In the financing of a transaction, the high interest rates that are a feature of a lot of emerging and frontier markets do make local currency debt unattractive at first sight. However, where a potential portfolio company’s revenues are solely or predominantly in local currency, the currency mismatch that can arise from the use of hard currency leverage creates a significant risk to the overall transaction and can destroy value very quickly. A local currency will typically depreciate in a scenario of macroeconomic stress and consequently the ability of a portfolio company to shift any increase in currency risk on to its customer base will be limited by the financial stress being experienced by the general population. Whilst hedging derivatives are available in more mature emerging markets, they tend to be either scarce or prohibitively expensive in the majority of emerging and frontier markets. However, the addition of a local currency tranche amounting to 20-50 percent of the total debt structure can provide the portfolio company with a natural hedge and room to manoeuvre in times of currency volatility, and thereby help preserve value. A blend of hard and local currency interest rates can also help the company to reduce the impact of the debt structure on its cash flows over the long-run.

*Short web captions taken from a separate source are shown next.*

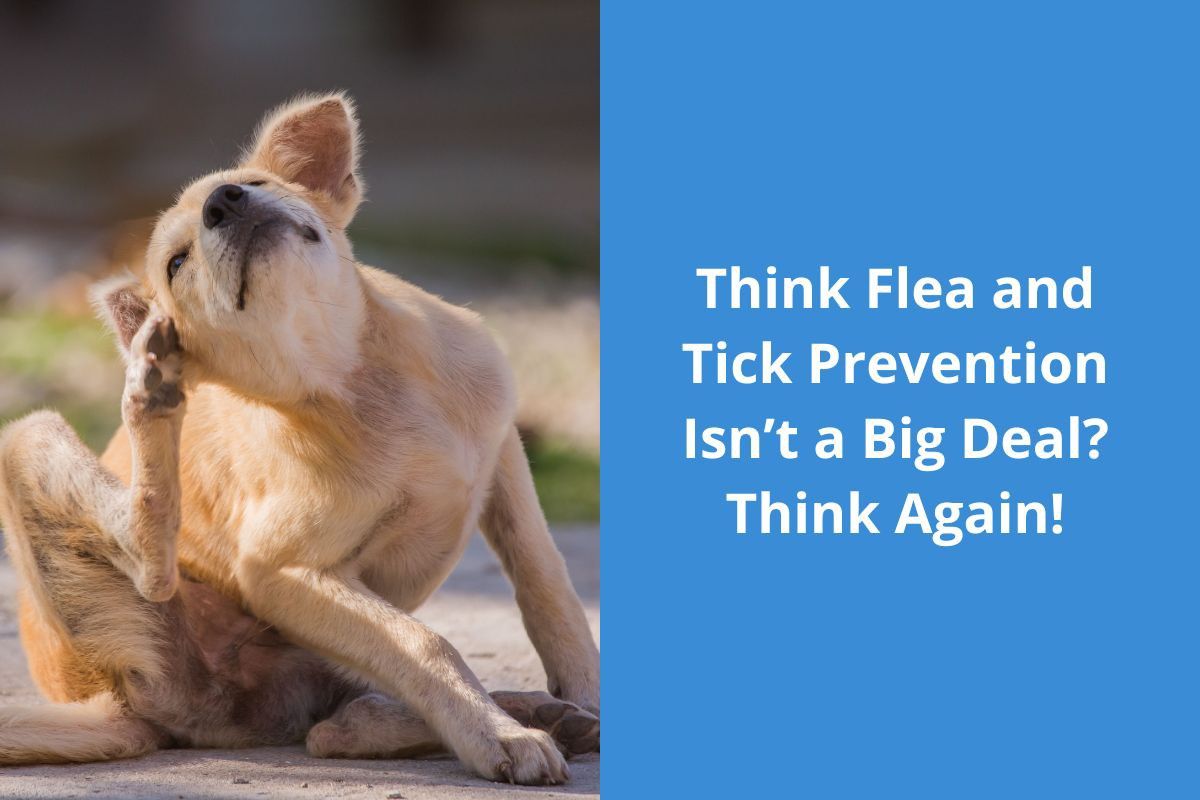 Think Flea and Tick Prevention Isn’t a Big Deal? Think Again!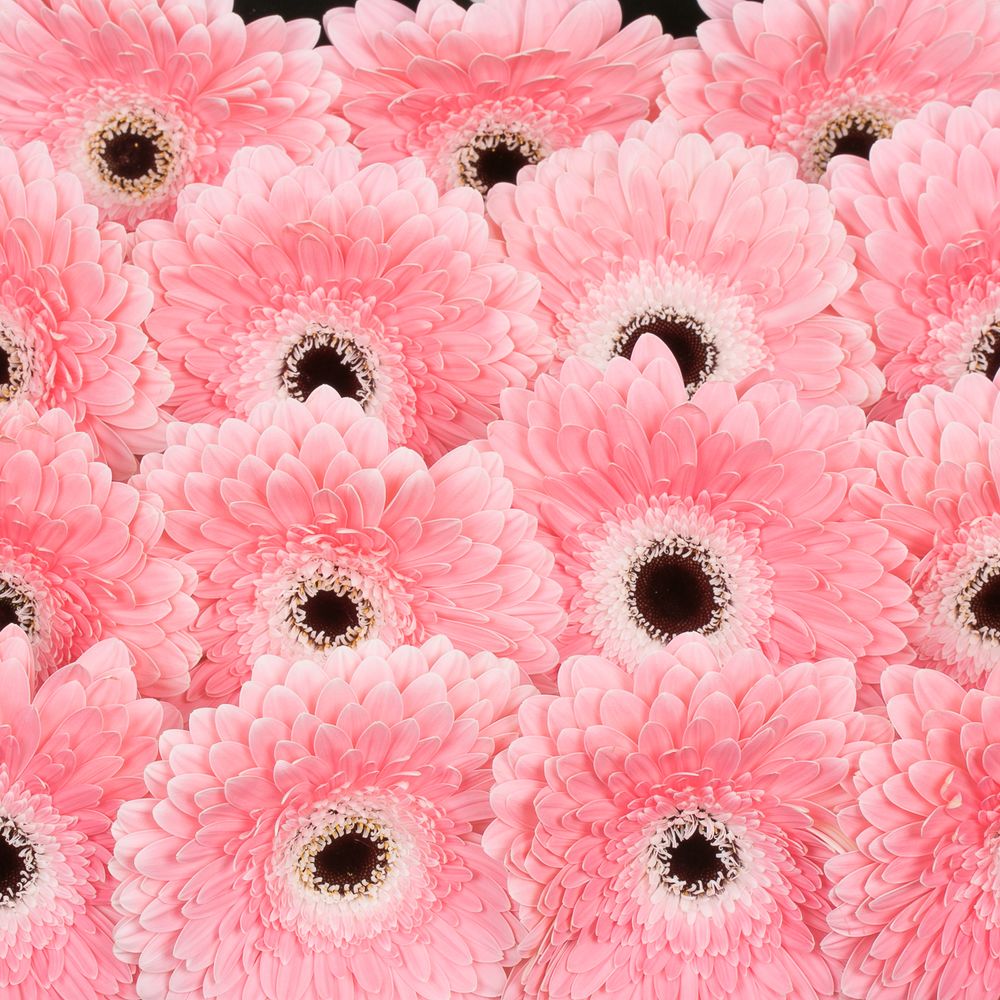 Gerbera rosa/weiss Graceland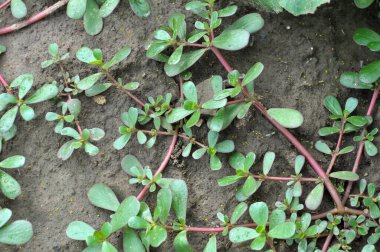 Doğada, toprakta, bir yabani ot gibi purslane yetişir (Portulaca oleracea)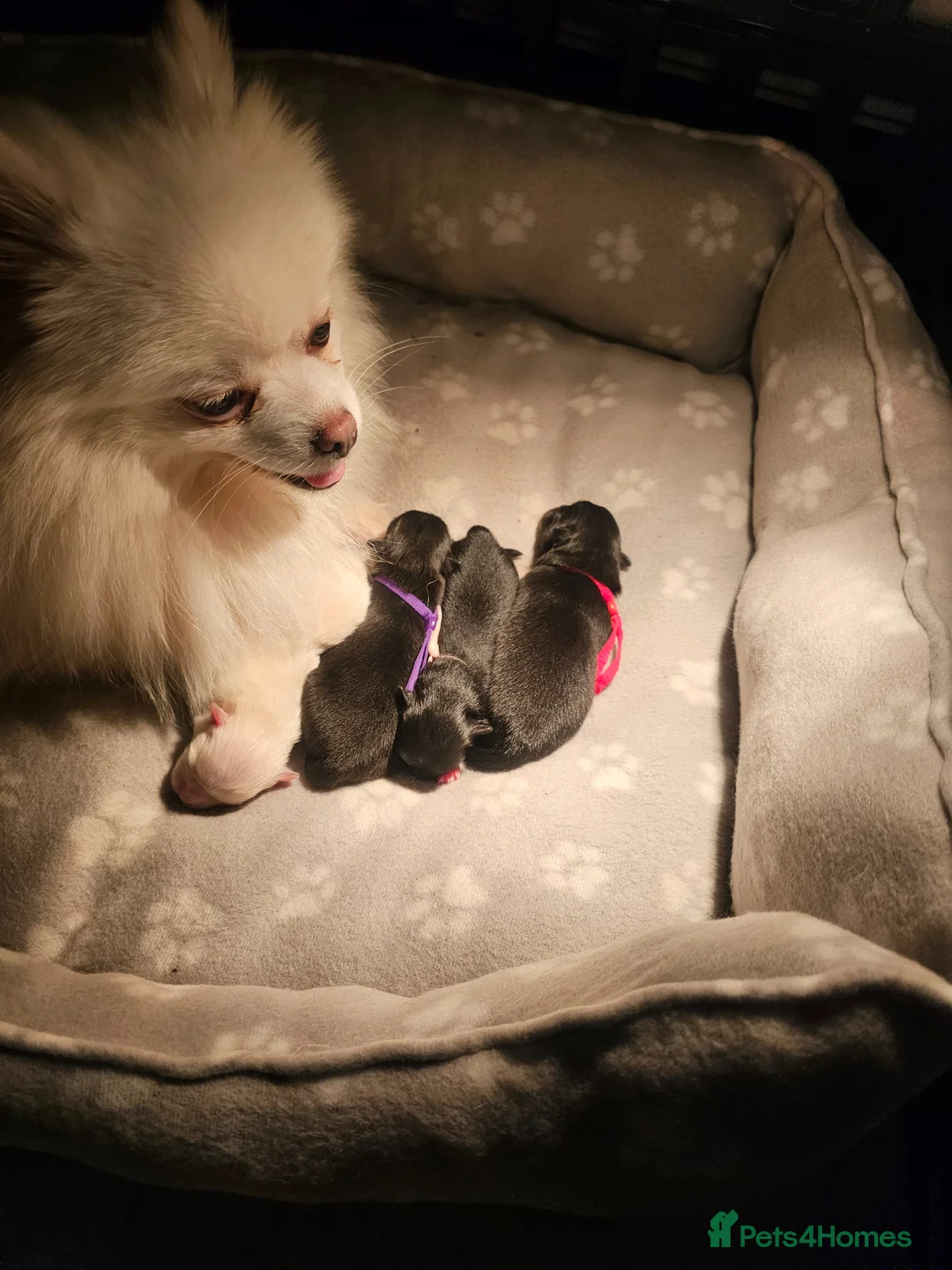 Pomeranian dogs for sale: Gorgeous pomeranians - Advert 2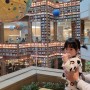 수원 스타필드 아기랑 + 유아휴게실,별마당 도서관,별마당 키즈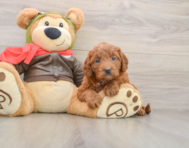 7 week old Mini Goldendoodle Puppy For Sale - Premier Pups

In a scenario where a portfolio company has become distressed, local currency lenders will tend to better understand local issues and thus can help calm offshore investors and lenders. Furthermore, they are also more likely to want to support the company through a restructuring rather than by seeking an exit at the first opportunity. Furthermore, in situations where US dollar liquidity is scarce, as is currently being experienced in a number of emerging and frontier markets, local currency markets can help provide much needed liquidity to a portfolio company but are more likely to do so where the company has been an active participant in the local currency markets and local knowledge of the company is good.

Local institutional investors such as pension funds and insurance companies are amassing significant assets under management and are now seeking to actively invest in private equity assets and thus represent a further source of capital or an exit opportunity. These institutional investors tend to be natural shareholders for portfolio companies given their local presence and long-term outlook.

A natural pathway for a private equity investor to manage an investment in an emerging or frontier market would be to use the local banking market to help acquire a portfolio company, then once a business plan has been implemented, seek a recapitalisation via the local bond markets so as to engage local institutional investors and build local market knowledge of the portfolio company. Once an exit horizon has been reached, then the same institutional investors can be approached to anchor a trade sale or stock market flotation. While the ease with which this path can be walked will vary from market to market, for a private equity investor that wishes to establish itself in a market for the long-term, using such a pathway represents a significant but ultimately worthwhile investment in their future success. Local currency is not always the easiest option but it can certainly play a role in maximising value.